The Ways and Means Committee of the US House of Representative branch of Congress has been trying since 2019 to get Donald Trump’s tax returns.
Trump was the first president in 40 years to refuse to release his tax returns. Nixon was the last to refuse.
On Tuesday, November 22, the US Supreme Court, the highest court of the land, said the congressional committee has the right to obtain the returns.
The buck stops here, as they say.
Trump asked the high court in October to block the ruling of a lower court that approved the House’s request.
The decision of the Supreme Court justices appears to be unanimous.
This means that the US Treasury will have the responsibility of delivering the tax documents for the period of 2015-2020 for Donald Trump and some of his businesses, to the House Ways and Means Committee.
The Democratically controlled committee will get access to the financial records at the last minute. The Republicans were able to take a slight lead over the Democrats in the midterm elections, and will take over control of the committee and the House of Representatives, on January 3, 2023.
The Treasury Department, controlled by the Biden administration, will likely deliver the records expeditiously, but the House committee will only have a short time to review them, and the new leadership in the House is likely to stall or even stop the investigation into Trump’s finances.

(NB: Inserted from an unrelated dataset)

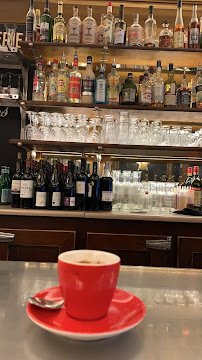 Atmosphère du Café Café du Marché à Neuilly-sur-Seine - n°7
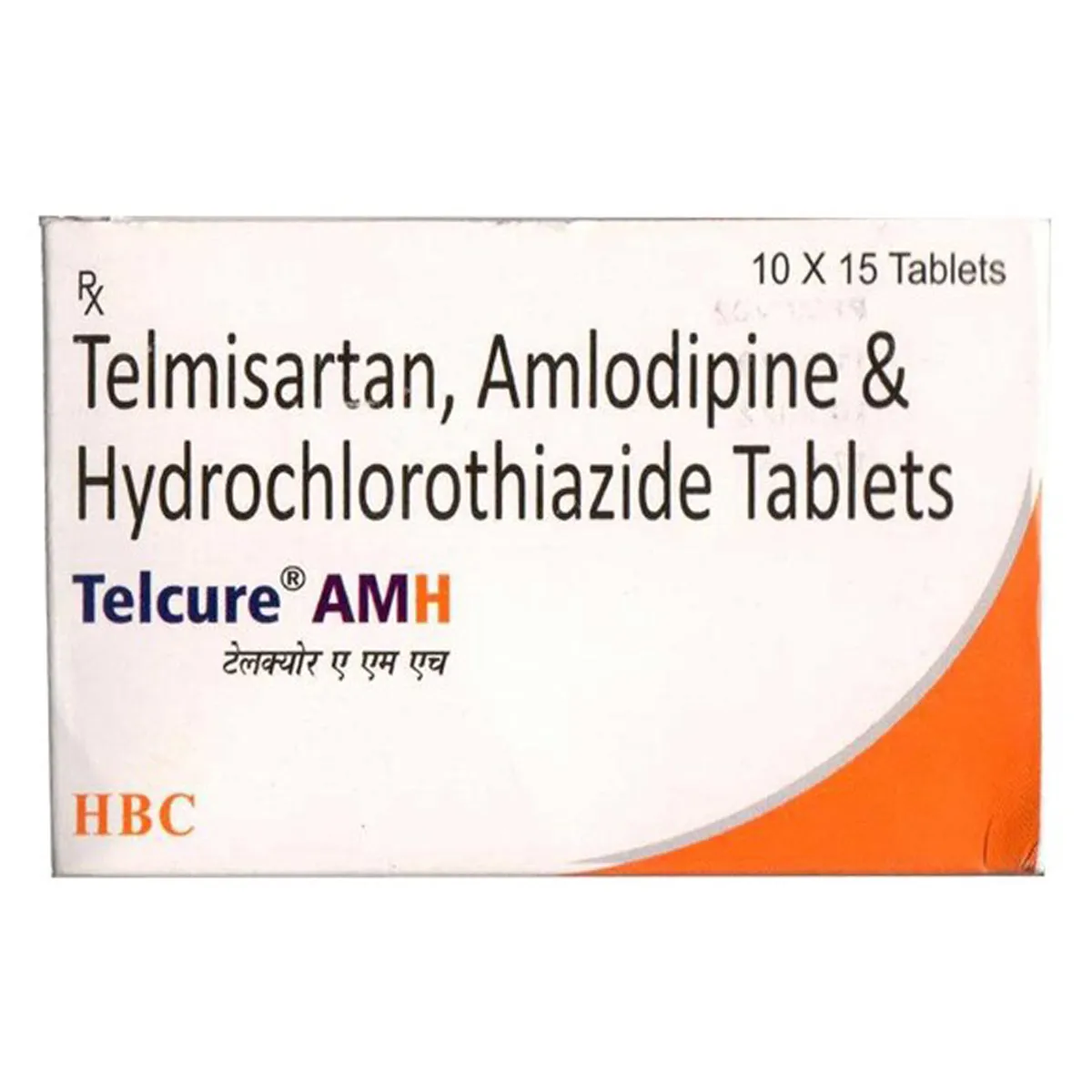 Telcure Amh Tab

Representative Richard Neal, the chairman of the committee, said in a statement that Congress “will now conduct the oversight that we’ve sought for the last three and a half years.” It is not clear if the committee intends to release Trump’s financial records publicly.
Trump believes that the Democrats have been trying to obtain his tax returns for political reasons.
But the committee said that Congress has the right to make sure that the IRS is properly auditing candidates for president, so they can determine if any new legislation is warranted.
In another setback for Trump on Tuesday, a three-judge panel of the US Court of Appeals for the 11th Circuit, including two judges who were appointed by Trump, appeared to be very skeptical that Trump had a right to challenge the FBI’s search of his Mar-a-Lago estate. They also expressed doubt that it was necessary to have an independent arbiter to review the documents that were seized.
The judges suggested that Trump appeared to be seeking “special treatment” in his request that a “special master” conduct an independent inspection of the documents taken on August 8 from Mar-a-Lago.
Judge William Pryor, appointed by President George W. Bush, said, “Other than the fact that this involves a former president, everything else about this is indistinguishable from any pre-indictment search warrant,” implying that Trump was not above-the-law.